Ia kemudian menyewa sebuah lahan kosong milik warga Mareku lalu dibangun greenhouse seluas 5×5 meter persegi selama 4 tahun dengan biaya kontrak sebesar Rp3 juta. Hal itu kata dia, bertujuan untuk membuka lapangan pekerjaan bagi lima orang pemuda setempat yang belum mempunyai penghasilan setelah lulus kuliah.

“Alhamdulillah mereka kesampingkan gengsi sebagai seorang sarjana dan memilih bergabung dengan kita, walau masyarakat beranggapan bahwa sangat  tidak elok kalau orang yang bergelar sarjana melakukan pekerjaan layaknya seorang petani.” Jelasnya.

Greenhouse di Mareku akhirnya berhasil dibangun 1 Juni 2021 berkat kerja sama. Hanya saja, ketika memasuki bulan Juli, Covid-19 kembali menyerang untuk yang kedua kalinya sehingga aktivitas produksi di Mareku belum bisa dimulai hingga Oktober. Hingga akhirnya, dua Greenhouse di Tomagoba dan Mareku beroperasi secara bersamaan dengan konsisten menanam satu jenis sayur saja yakni selada.

Galing mengatakan hasil Kabong Cahaya mulai dikenal dan menemukan pasar tetap di Weda, Halmahera Tengah, Sanana, Kepulauan Sula, dan Sofifi, Tidore Kepulauan, hingga penjualan sudah mulai stabil.

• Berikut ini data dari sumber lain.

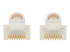 N261AB-S10-WH - Eaton Tripp Lite Series Safe-IT Cat6a 10G Snagless Antibacterial Slim UTP Ethernet Cable (RJ45 M/M), White, 10 ft. (3.05 m) - Närbild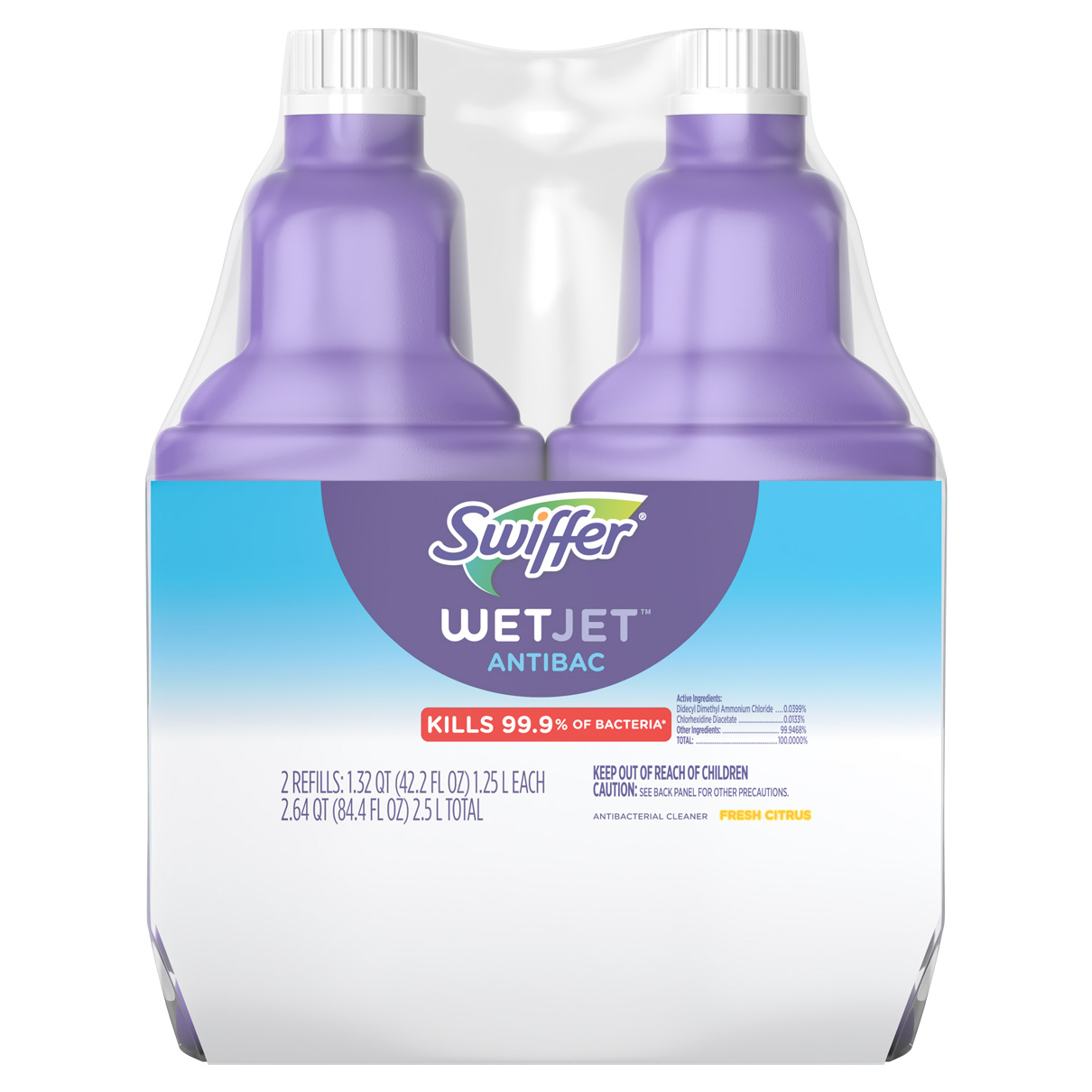 Swiffer® WetJet™ Antibacterial Solution Refill, Fresh Citrus Scent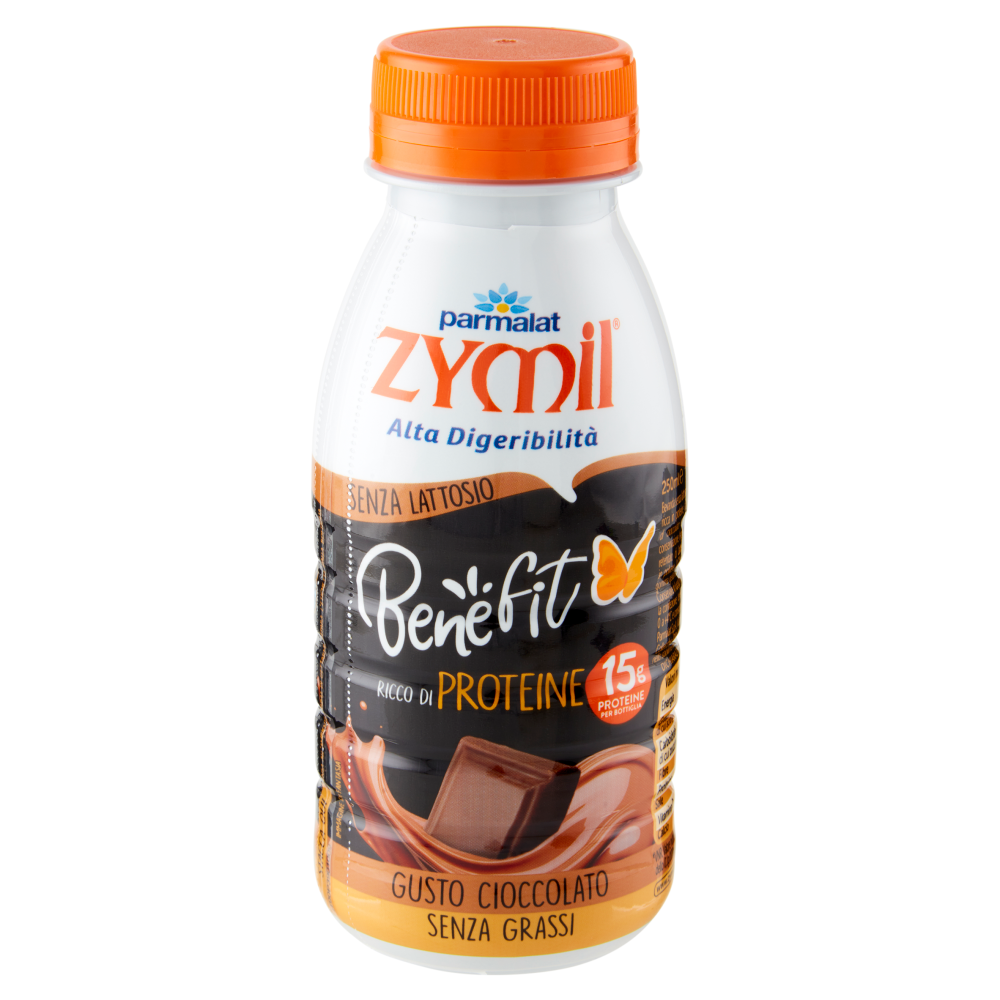 Zymil Alta Digeribilit&agrave; Senza Lattosio Benefit Proteine Gusto Cioccolato 250 ml
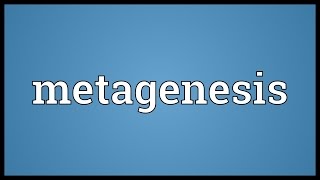 Metagenesis Meaning [upl. by O'Callaghan]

Biasanya dipasok hari Selasa dan Jumat.

“Di dua hari itu, kita targetkan tidak boleh kurang dari 500 kilogram, deng per kilo kita beri harga Rp50 ribu. 500 kilo itu produksi greenhouse di Mareku sebanyak 200 kilo, dan Tomagoba 300 kilo.”Paparnya.

Sedangkan pada hari-hari lainnya, produksi selada hanya 100 kantong plastik dimana per plastik sebanyak 3 pohon selada yang harga per pohon sebesar Rp8 ribu.

“Ini dititip ke para tengkulak untuk dijual ke pasar konvensional, dan ke pemesan di wilayah Tidore dan Ternate. Produksi kita ini belum tembus keluar dari wilayah Maluku Utara karena terkendala kapasitas produksi kita per bulan yang masih diangka 300 hinggga 400 kilo.”Ungkapnya.

Hasil penjulan per bulan kata dia juga sudah meningkat dimana 7 orang yang bekerja di Kabong Cahaya termasuk dia, mendapat pembagian per bulan dikisaran Rp1 hingga Rp1,5 juta.

Jadi, meskipun dengan segala rintangan yang ia hadapi, ayah dari Arraihan Haykal itu tidak pernah merasa gentar menjalani profesinya sebagai petani. Baginya dalam dunia pertanian, modal uang bukan satu-satunya tolak ukur, melainkan menjaga konsistensi dan  berupaya untuk tetap progres.

“Bertani itu bukan hanya soal uang, tetapi konsisten menikmati proses dan alurnya. Karena apa yang kita tabur, itu yang akan kita  tuai.” Tandasnya.